Exercise:
All of the data must be output exactly, with every picture left out.
(Recorded information Opens)
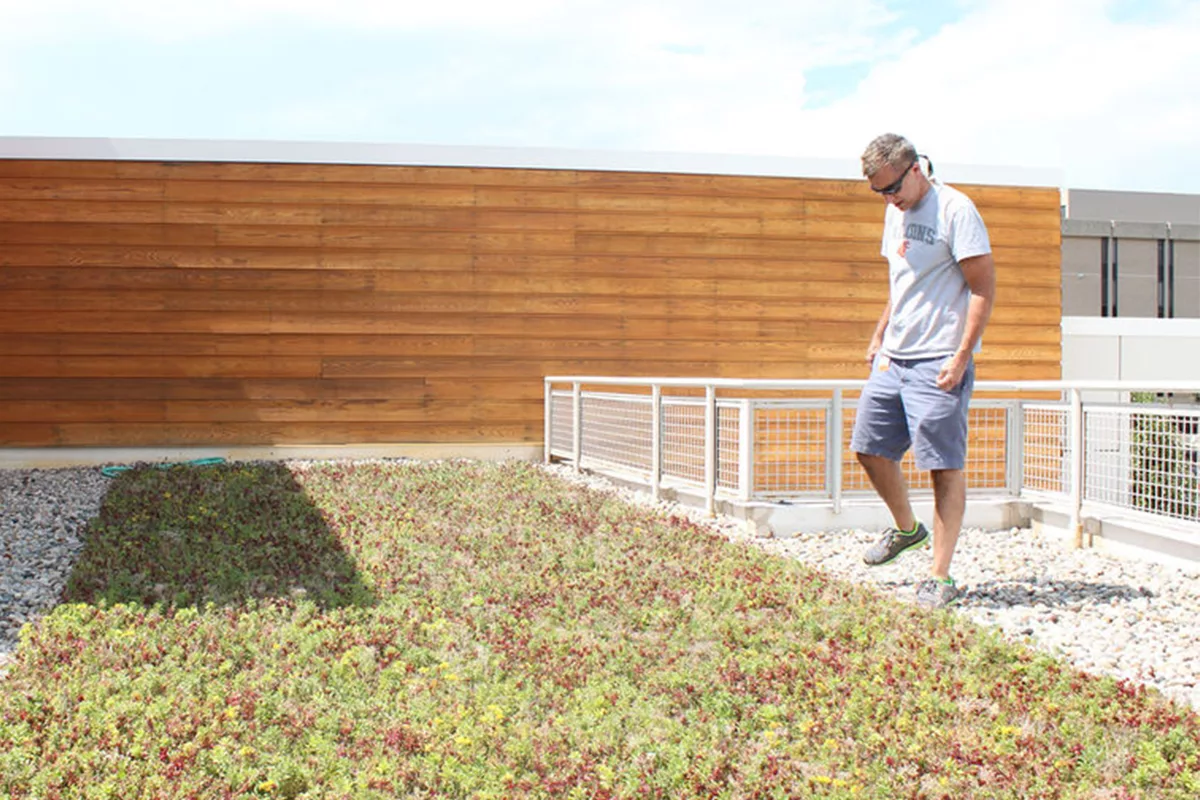 A man stands by and admires a living roof filled with red and green sedum.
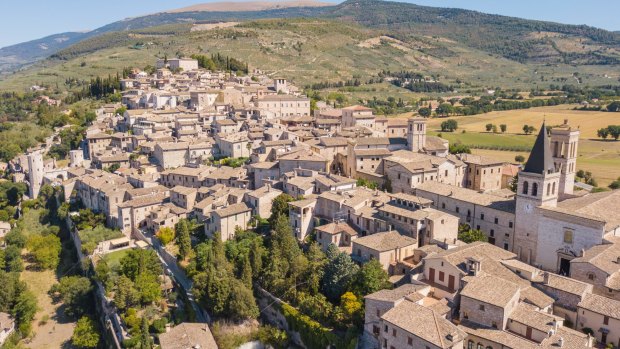 Spello is a hilltown surrounded by olive groves.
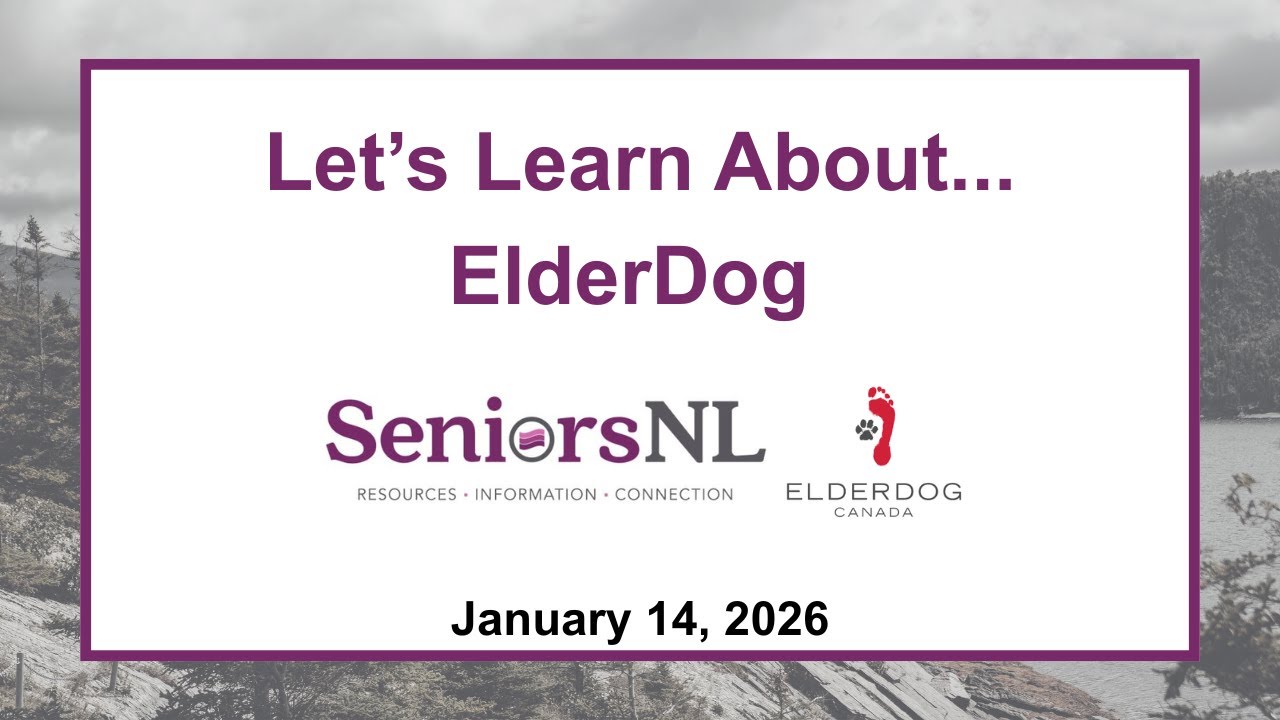 Lets Learn About... ElderDog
(Recorded information Closes)
Your response:
 A man stands by and admires a living roof filled with red and green sedum.
 Spello is a hilltown surrounded by olive groves.
 Lets Learn About... ElderDog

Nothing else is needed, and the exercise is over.